Baca berita tanpa iklan. Gabung Kompas.com+

Evaluasi Terakhir Capres, Diperlukan Menko yang Gesit

Kompas.com - 02/07/2014, 11:56 WIB
                                       Rhenald Kasali
                                       @Rhenald_kasali

Tulisan pertama dari dua tulisan

Untuk pertama kalinya dalam sejarah, dunia leadership mendapatkan ujian yang super berat. Peneliti Richard L. Hughes, Katherine C. Beatty dan David L. Dinwoodie dari Center for Creative Leadership (2014) menemukan sebuah kesimpulan, yaitu “Diperlukan pemimpin yang bertindak, bukan berencana!”
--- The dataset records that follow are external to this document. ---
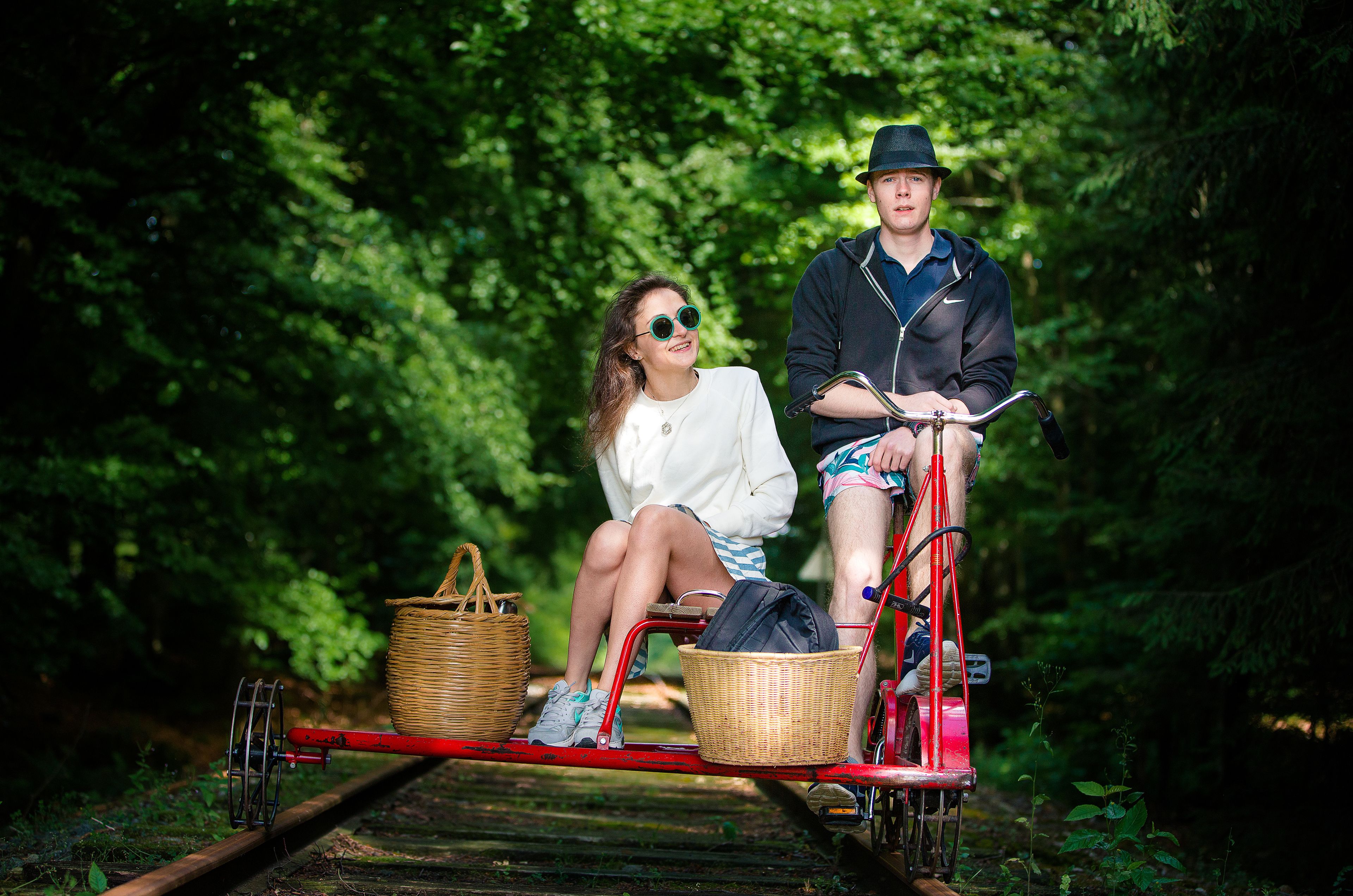 Two people sitting on a bicycle on a railway track surrounded by greenery.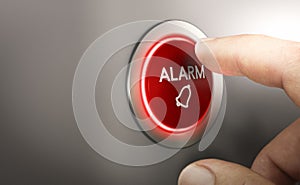 Man pressing a red security alarm button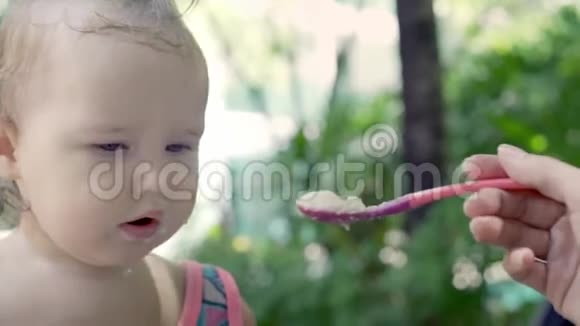 一岁的女孩在棕榈树附近吃一勺粥热带慢动作视频的预览图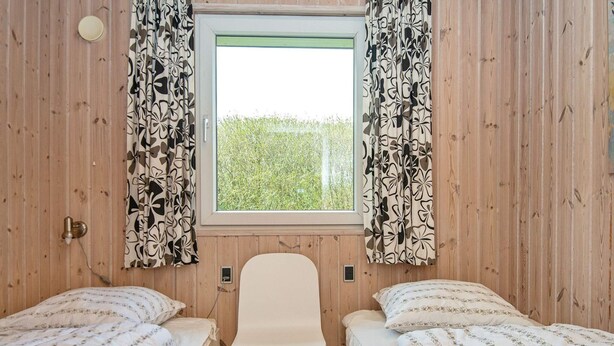 Une chambre avec deux lits simples, une chaise blanche, des murs en bois, une fenêtre avec des rideaux et une vue sur la verdure à l’extérieur.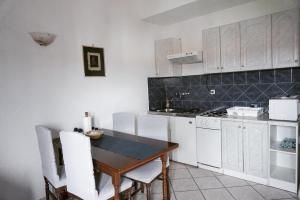 Kuchyň nebo kuchyňský kout v ubytování P&D Apartments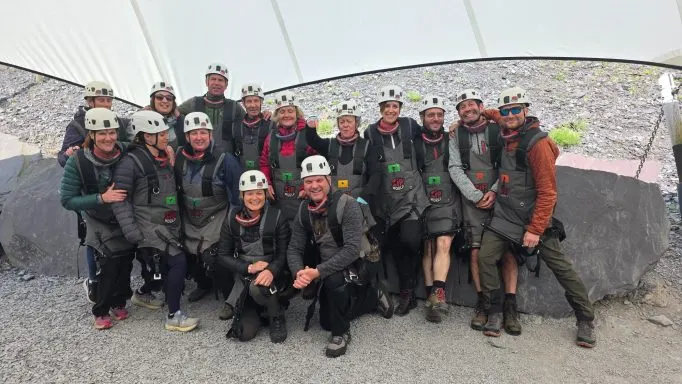 Group of people wearing climbing helmets and safety gear posing together indoors at a climbing wall facility.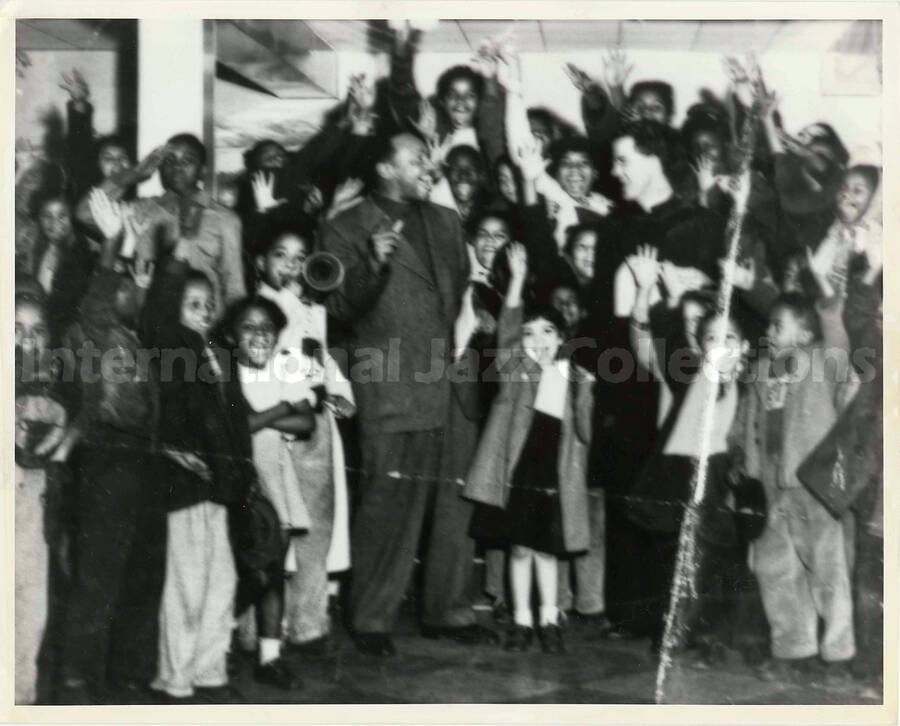 8 x 10 inch photograph. Lionel Hampton with unidentified religious person surrounded by children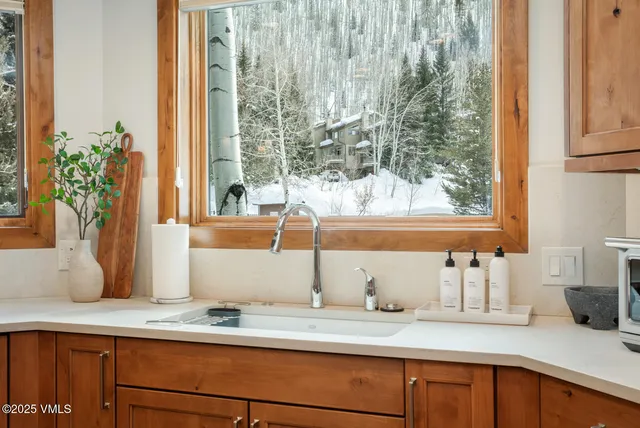a kitchen with a sink and a large mirror next to a window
Bertindak itu artinya berkoordinasi, memimpin ke samping. Jadi yang dibutuhkan bukan pemimpin yang pandai berorasi, melainkan bertindak, memeriksa keadaan, lalu menghubungkannya. Kalau ia benar-benar mampu, maka hasilnya mudah dilihat. Kesenjangan kaya-miskin akan menurun, angka keluhan berkurang, buruh tak lagi berdemo karena soal kesejahteraan, dan angka korupsi jauh berkurang (karena pemimpin-pemimpin daerah tak perlu lagi menyuap pejabat pusat demi pembiayaan infrastruktur di daerahnya).

Pandai Belum Tentu Gesit

Mengapa kita perlu pemimpin yang gesit? Jawabannya adalah karena pejabat-pejabat kita terlalu senang berpidato kendati rakyatnya mengantuk, lalu juga senang diperlakukan sebagai pejabat yang didatangi. Kalau tak didatangi mereka mudah tersinggung dan pintu-pintu ekonomi daerah terkunci. Sulit dibuka.

Saya bisa memahami, mengapa para pemimpin daerah banyak yang ditangkap KPK. Sebab, salah satunya, untuk sampai ke meja Menko, surat-surat mereka harus melewati banyak meja dan “orang-orang dekat”.

Tidak sulit untuk mengetahui gerak para penyuap itu. Anda tinggal duduk di kedai-kedai kopi di hotel-hotel berbintang, lalu merapatlah pada meja-meja yang ditempati orang-orang berpakaian safari. Dengarkan suara keluh kesah mereka. Hampir pasti, sebagian di antara tamu-tamu itu ada pemburu rentenya. Ini sudah rahasia umum. Umum sekali.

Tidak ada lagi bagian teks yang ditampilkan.